Anesthesia management
In the operating room, the peripheral intravenous catheters were set up, and standard monitors such as electrocardiograph, pulse oximeter, and non-invasive blood pressure measurement devices were connected. Invasive blood pressure was monitored after arterial cannulation with local antiesthetic (LA) infiltration in radial or dorsalis pedis artery. Bispectral index (BIS®) monitoring (A-2000; Aspect Medical Systems, Newton, MA, USA) was connected to titrate the amount of sedatives and hypnotics. Sedative drugs were injected by a pump in the following sequence: 1). A loading dose of 0.6 μg/kg dexmedetomidine was infused within 15 min. Then, dexmedetomidine was maintained at 0.1 μg/kg/h. 2). Remifentanil Target controlled Infusion model (TCI) (Ce) was maintained at 0.5–2.0 ng/ml, which started from 0.5 μg and increased by 0.5 μg every 5–10 min till respiration frequence was at least 12 times/min. When respiration was nearly 12 times/min, TCI increased by 0.25 μg till stabilized. After the scalp nerve was blocked with 20 mL of 0.75% ropivacaine + 10 mL of 2% lidocaine + 1: 200,000 of epinephrine, propofol was infused under TCI (Ce) model at the dose of 1.0–2.0 μg/ml. Specifically, titration target of propofol was to reach BIS: 60–70, and respiration frequency: 10–20 times/min. Propofol TCI was set to 1.0–2.0 μg/mL, which started from 1.0 μg and increased by 0.5 μg every 10–15 min till BIS reached 70. If BIS decreased to 60, TCI concentration increased by 0.25 μg till stabilized. Three ways of oxygen delivery were established. 1). Group I- HFNC 40, high-flow nasal cannula (HFNC) device was used, and oxygen flow rate was set at 40 L/ min, FiO2 60%, airway humidified temperature was set at 34°C; 2). Group II- HFNC 60, high-flow nasal cannula (HFNC) device was used, and oxygen flow rate was set at 60 L/ min; FiO2 60%, airway humidified temperature was set at 34°C; 3). Group III-nasopharyngeal airway (NPA): nasopharynx airway device was used. The end of the nasopharyngeal airway was connected to the threaded tube of anesthesia machine. The oxygen flow rate was set at 6 L/min, FiO2 60% with no humidification.

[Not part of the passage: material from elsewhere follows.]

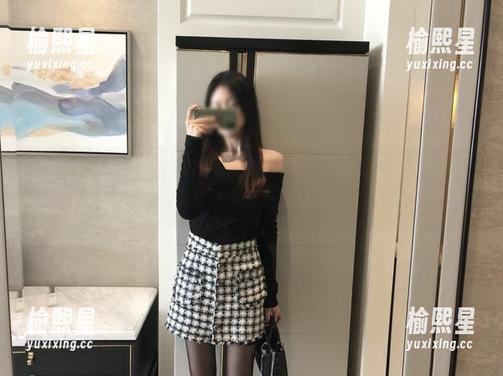 微密圈 - 图片上有你喵的泳衣，那个光线打在身上的角度，真让人意乱情迷。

When BIS value was maintained at 60–70 and the respiratory rate was maintained at 12–20 times/min by titration of propofol and remifentanil, induction of anesthesia was considered as completed. A urinary catheter was inserted. The head of the patient was fixed with a Mayfield head clamp. The body was adjusted to a comfortable position; with the head slightly elevated in order to avoid jugular venous flow compression. Such position prevents airway occlusion when the patient was asleep. The patient was asleep during the processes of scalp incision, bone flap removal, and dura suspending. Before bone flap removal, mannitol was administrated at the dose of 1.0 g/kg for 20 min. The intracranial pressure was assessed by the surgeons five seconds after removing the bone flap using Brain Relaxation Score (BRS). Specifically, by palpating and feeling the tension of the dura mater, BRS was subjectively scored by the surgeons from 1 to 10, with 10 was the most satisfied intracranial pressure control. After the dura suspending was done, propofol infusion was stopped, and the patient was allowed to wake up spontaneously. If the patient could not be awoken in 10 min after stopping propofol infusion, dexmedetomidine infusion would be decreased or stopped. After the BIS value was maintained above 90, cortical functional mapping was achieved using NIM-ECLIPSE® System (Medtronic Xomed Inc., Jacksonville, FL, USA) with a monopolar probe, delivering stimuli with a single 1 ms pulse with a 60 Hz frequency during surgical tumor resection. Upon the requirement of surgeons, the deep sedation was induced again by the titration of propofol, dexmedetomidine, and remifentanil. BIS value at 60–70 and the respiratory rate at 12–20 times/min could be considered as the completion of re-induction of anesthesia.
Study variables
The baseline characteristics including age, gender, body mass index (BMI) and ASA physical status was collected. The following intraoperative data were collected: 1). Blood gas analysis at 6 different time points (before induction of anesthesia; 15 min after induction of anesthesia, 15 min after the adjustment of comfortable body position, dura suspension was completed, functional mapping was being performed, 15 min after re-induction of anesthesia). 2). Vital signs (heart rate, blood pressure, SpO2, and respiratory rate were measured every 5 min). 3). Depth of sedation/anesthesia (BIS value and OAA/S score). 4). Brain Relaxation Score, which was assessed every 15 min. 5). The time that patients took to wake up spontaneously. 6). The total time that patients were awake. 7). Total dose of each sedative drug. 8). Total anesthesia time. 9). Gastric antral volume before and after surgery. 10). Incidence of adverse events. The gastric antral volume was evaluated by measuring the cross-sectional area (CSA) of the antrum using the ultrasound [26]. The head to sacral (CC) and anteroposterior (AP) diameter of the antrum was measured. The CSA was calculated by the formula CSA = AP x CC x π/4.
Adverse events
Information of the following adverse events was collected. 1). The incidence of respiratory tract obstruction, which was defined as no airflow, apnea, or snoring due to partial airway obstrction. 2). Airway injury, which was defined as blood or bloody secretion found on the tube of NPA or in the patients’ mouth. 3). Increased intracranial pressure that required instant treatment.
Statistical analysis
The sample size was calculated using PASS11 software. By ANOVA, took SPO2 as major parameter, that is, gave SPO2 as 100, 95, and 97 for HFNC 40, HFNC 60 and NPA, respectively, and a was 0.05. Sample number was from 5 to 40 with 5 as interval, and standard deviations were 2, 4, and 5. Statistical power and sample size were then calculated. When sample number was 20 and SD was 5, 0.8 of the statistical power was obtained; if SD was 2, 1 statistical power was obtained. Therefore, 20 was chosen as the sample size of each group.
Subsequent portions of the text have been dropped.